Our elves have been busy little guys. And, okay, so I have to give a huge shout out to my husband because he has been on the ball with these creatures. Many a night I have found myself sound asleep with visions of sugar plums dancing in my head before it ever crosses my mind to make sure the elves aren't found in the exact same spot they were occupying the day before. But Troy has stepped up to the plate and hit one out of the park on several occasions. He's totally our Elf MVP.
The boys' room is decorated with a plane and helicopter theme. There are old helicopter instruments up on a shelf over their dresser. On this particular day, Garrett was getting something down and somehow hit something which made the elf take a face plant. He FUH-REE-KED out. Tears were spilling off his cheeks as he begged me to gently pick up the elf and return him to his spot. "Please, Finn! Don't disappear!" he chanted through tears while I stood Finn back up. Matthew's elf joined one of our nativity scenes as the fourth--and lesser known--wise man.
Apparently it got cold because one elf was found sleeping in the spoon rest, bundled up and the other was waiting for a cup of java to warm his chilled bones. (Or, rather, his plastic face and stuffed felt body.)
So, once upon a time, we had a white elephant gift exchange. One individual received a huge box of rejected Christmas decorations. Then, because she didn't want them, she left them at our house. We got rid of each and every one of them except the ceramic reindeer featured above. It's been glued back together in places and is kind of ugly as sin but we had a total Velveteen Rabbit meets Woody from Toy Story moment with him and couldn't bear to throw him out. Every year I consider getting rid of him and every year I can't bring myself to do it. I don't know who he belonged to before or how many owners he's had, but he's ours now.

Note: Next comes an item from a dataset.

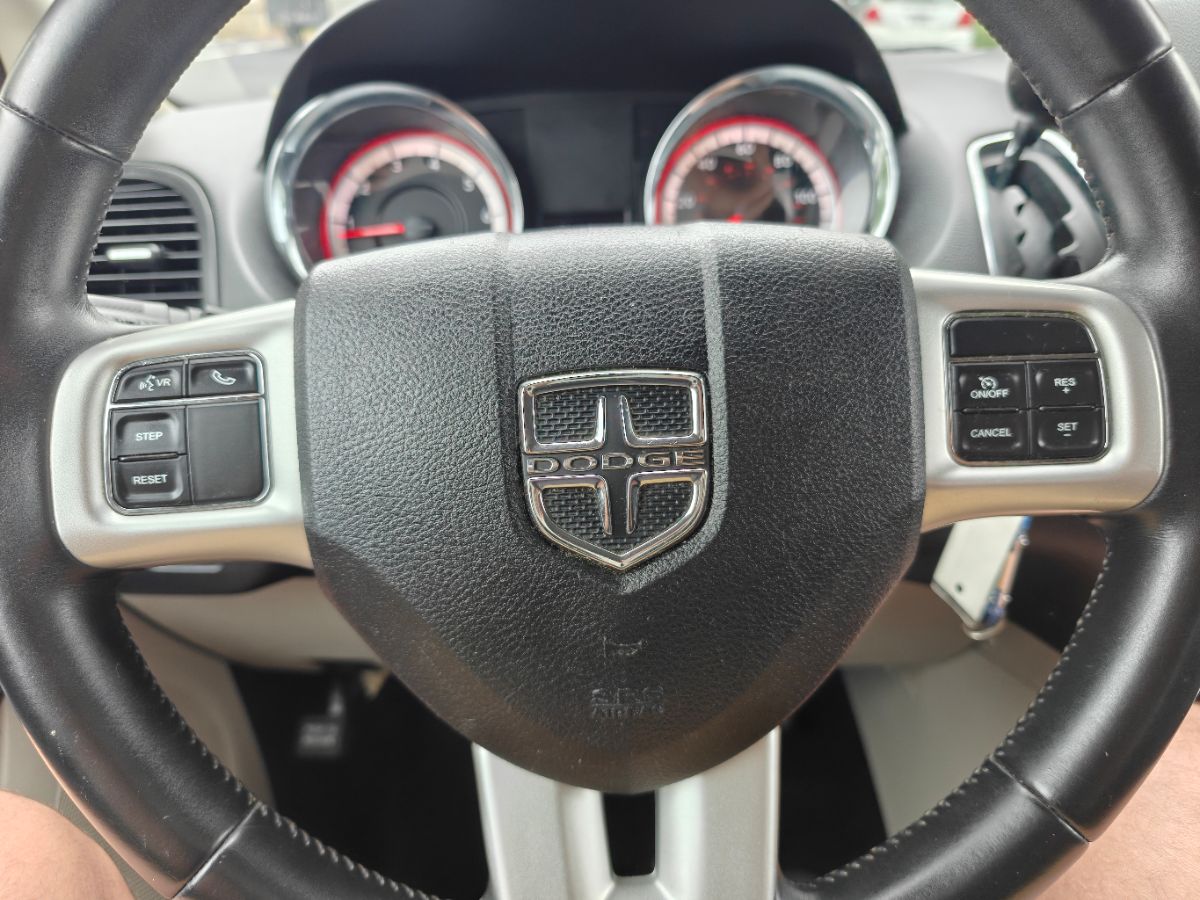 Photo 16 of this Dodge Grand Caravan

My Grandma made the penguin and skiing Santa in the above picture--along with many of my other decorations and probably a quarter of my Christmas ornaments. I always miss my Grandma most at Christmastime. As I unwrap the things she crafted and look at the initials BB carved into each one, I can almost hear her laugh ring out and I wish I was small enough--and that she was alive enough-- for me to crawl up onto her lap and eat string cheese. It might be why I keep a steady flow of string cheese in my own refrigerator despite the fact that it is not cheap.

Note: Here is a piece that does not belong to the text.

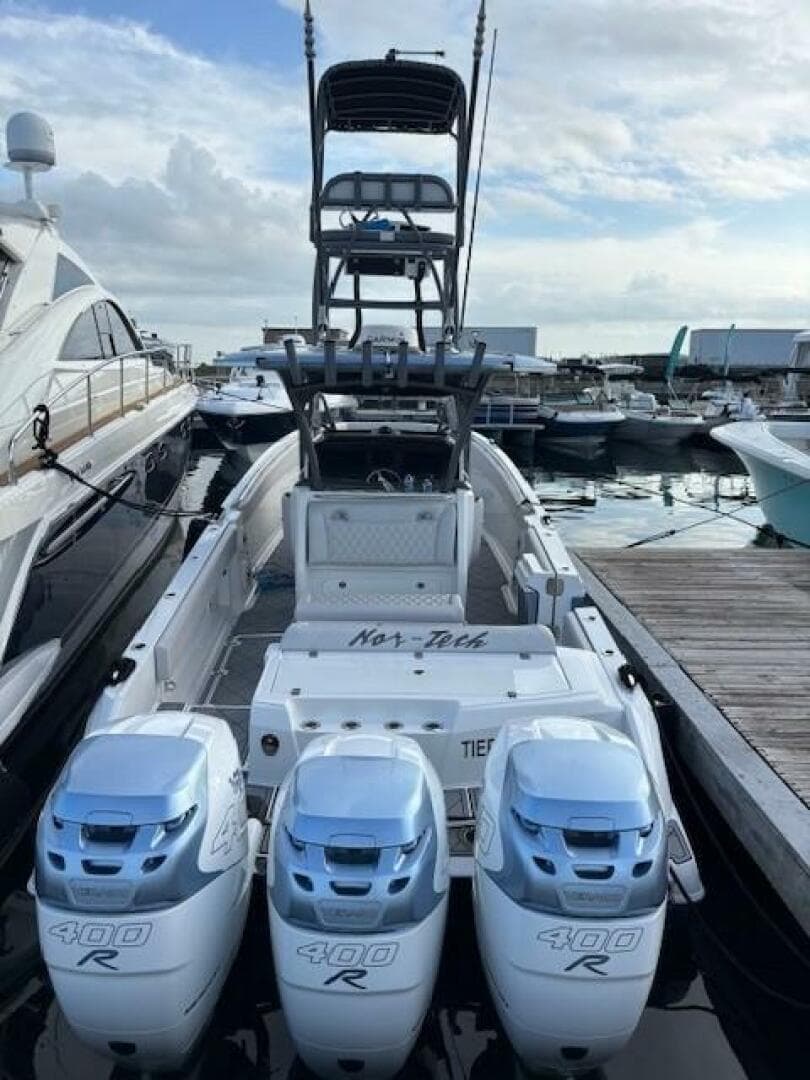 2020 Nor-Tech 390 Sport — photo 2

I hang our Christmas cards up on a long piece of twine every year and, one day, the elf had clipped himself up with them. When we got the cards in the mail that day, I stood to attach them. "HE'S GONNA FALL! DON'T DO THAT RIGHT NOW! GET DOWN!" came a panicked voice from the other room. Good grief. I think a certain six-year-old is taking this way too seriously. I wanted to have all the fun in the world with him this year because I was pretty sure this would be the last year he believed in Santa but then my friend informed me that she didn't figure it out until she was twelve. TWELVE, people! As in ONE YEAR OLDER THAN ELEVEN. AS IN SIX YEARS FROM NOW. AS IN I tell you what, I am not going to have my kid freaking out every time I get within three feet of these things for another six years.

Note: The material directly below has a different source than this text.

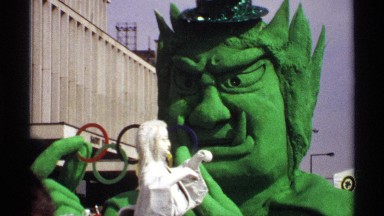 1971: statues are different and colors and it located at the exhibition or a big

So. Last night the elves (or at least one of them) toilet papered our Christmas tree after I'd fallen asleep. I drove past my window today when I took Garrett to school and, oh my, we look like the town crazy people who used bathroom tissue instead of garland on our tree. But man, the boys sure thought it was the funniest thing they'd done yet.
Four days left.
Unless the Mayans were right. I think I speak for Elf on the Shelf mothers everywhere when I say that it wouldn't be the worst thing if the world ended and we could stop moving elves.
Except, who I am kidding, Troy has single handedly kept this entire operation alive.